DATA PROVIDED START

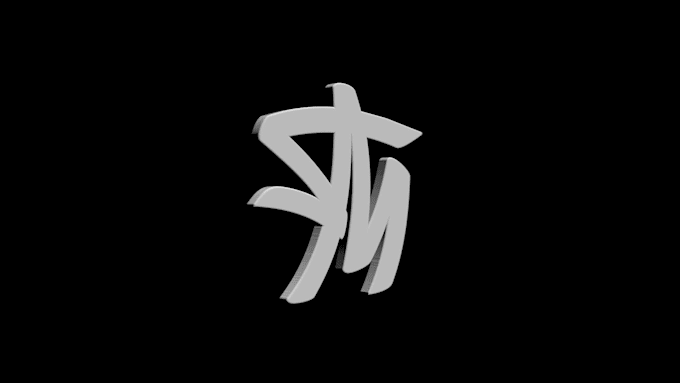 create a 3d our 2d animated rotating 360 degrees logo motion graphics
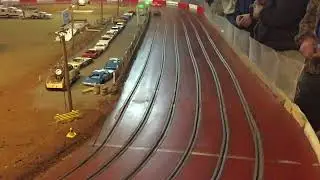 Nostalgia hard body slot car racing at The Cave Speedway
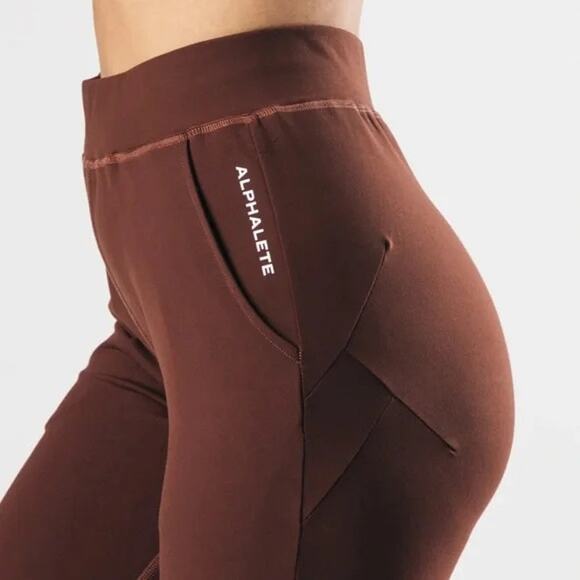 Alphalete Pro-Elite Joggers Chocolate Brown S - Picture 3 of 11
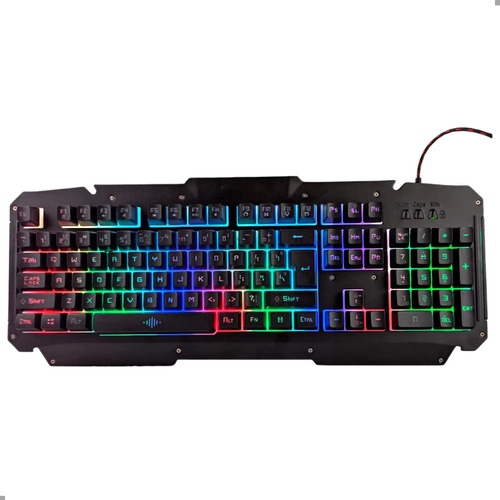 Teclado Gamer Led Mecanico Rgb Painel Metal Switch Macio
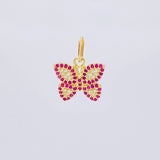 Dije Mariposa Roja 1.5 g / 3/4 in Oro Amarillo 18K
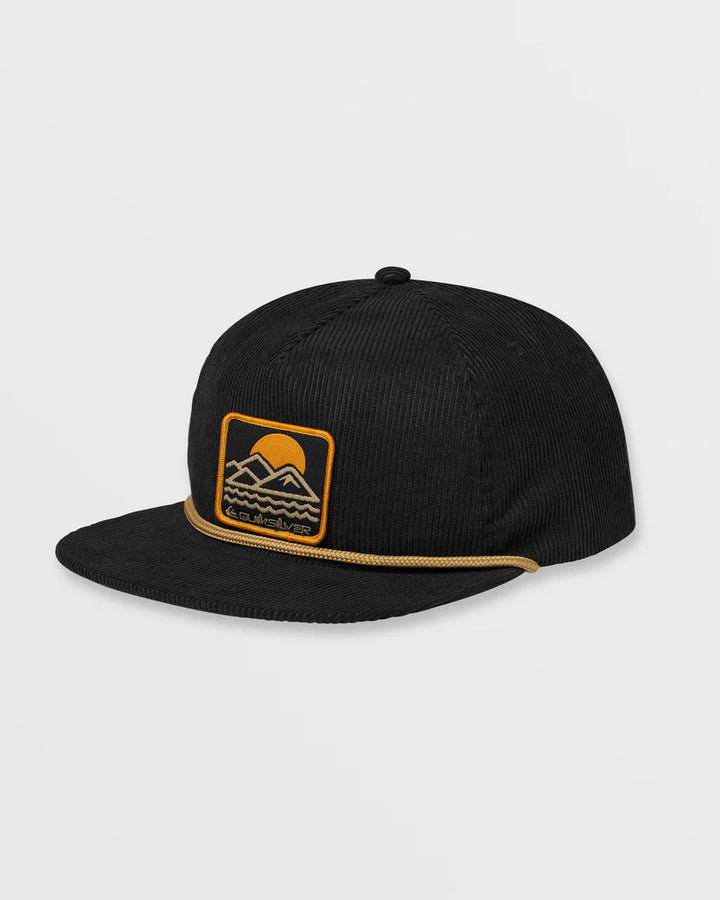 Quiksilver Steer Clear Snapback Hat - BLACK - Sun Diego Boardshop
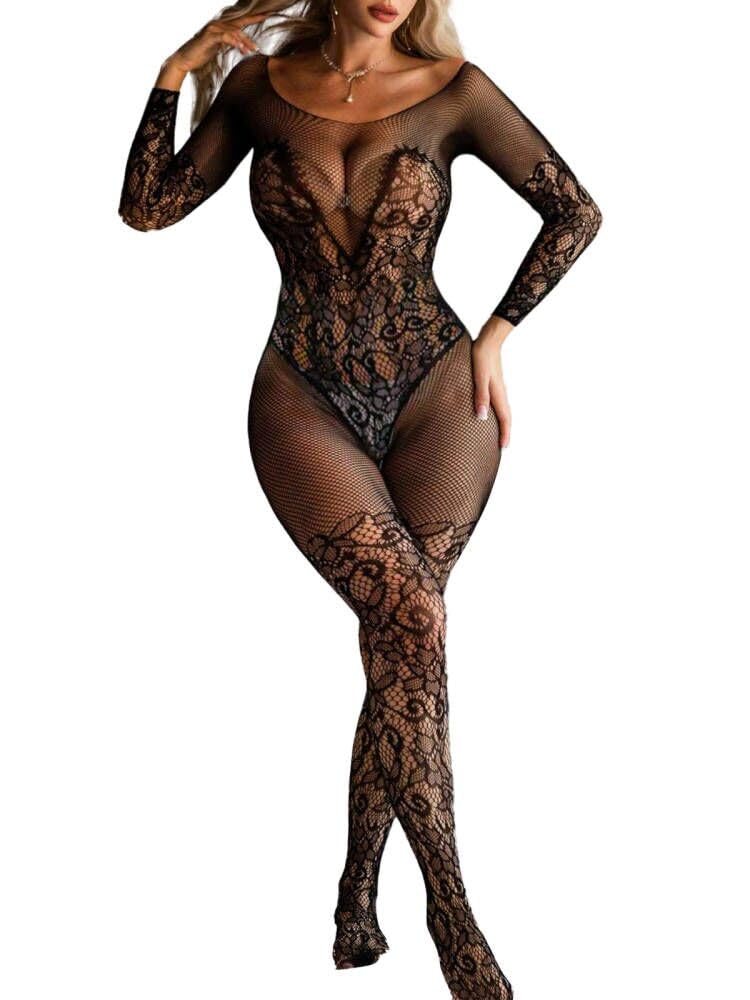 Body feminino sem entrepernas, roupa de dormir sexy, lingerie macia para mulher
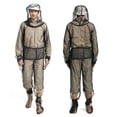 thumbnail image 1 of 4 Pcs Mosquito Suit for Adult-Full Body Mosquito Net Suit Including Jacket Hood,Pants and Mitt Set-Outdoor Mesh Bug Protection from Bugs,Flies and Gnats, 1 of 10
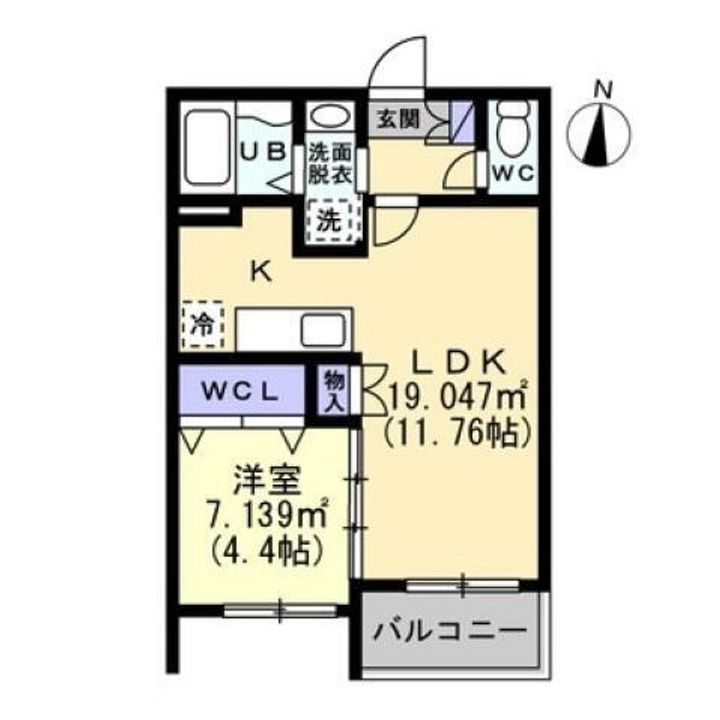 ル・シエル・ブルー303の間取り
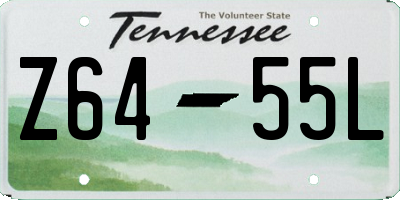 TN license plate Z6455L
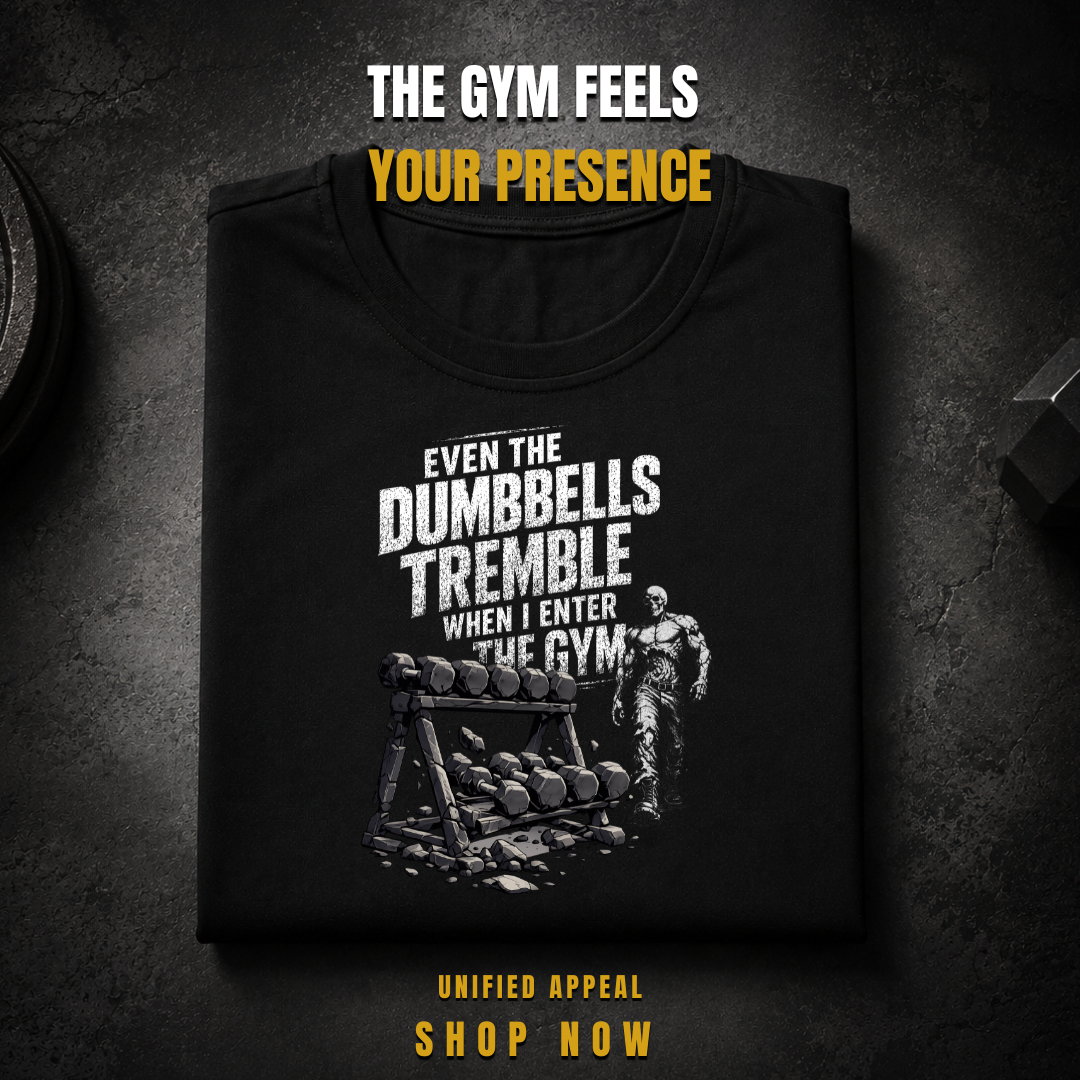 Even The Dumbbells Tremble Gym T-Shirt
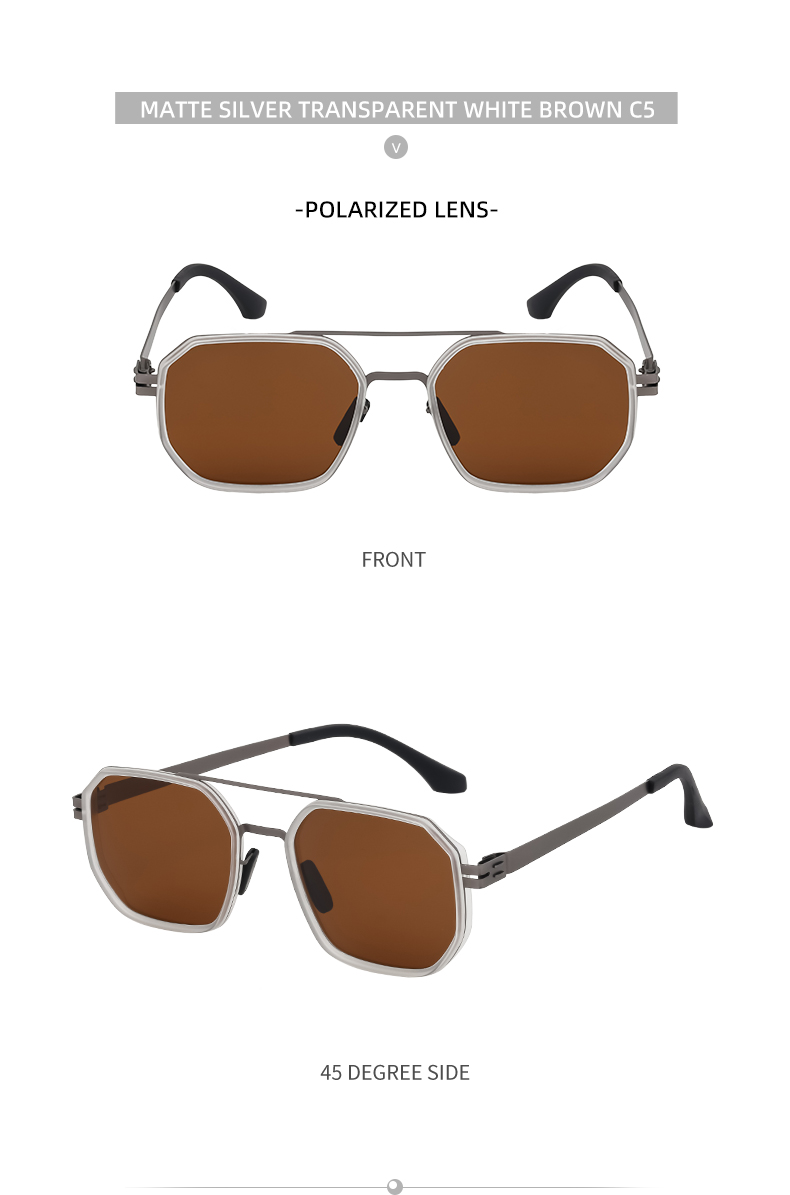 Casual Hawaiian Classic Style Square Tac Square Full Frame Men's Sunglasses display picture 4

DATA PROVIDED END

The answer must match the entries above line for line, with the pictures dropped.

 create a 3d our 2d animated rotating 360 degrees logo motion graphics
 Nostalgia hard body slot car racing at The Cave Speedway
 Alphalete Pro-Elite Joggers Chocolate Brown S - Picture 3 of 11
 Teclado Gamer Led Mecanico Rgb Painel Metal Switch Macio
 Dije Mariposa Roja 1.5 g / 3/4 in Oro Amarillo 18K
 Quiksilver Steer Clear Snapback Hat - BLACK - Sun Diego Boardshop
 Body feminino sem entrepernas, roupa de dormir sexy, lingerie macia para mulher
 thumbnail image 1 of 4 Pcs Mosquito Suit for Adult-Full Body Mosquito Net Suit Including Jacket Hood,Pants and Mitt Set-Outdoor Mesh Bug Protection from Bugs,Flies and Gnats, 1 of 10
 ル・シエル・ブルー303の間取り
 TN license plate Z6455L
 Even The Dumbbells Tremble Gym T-Shirt
 Casual Hawaiian Classic Style Square Tac Square Full Frame Men's Sunglasses display picture 4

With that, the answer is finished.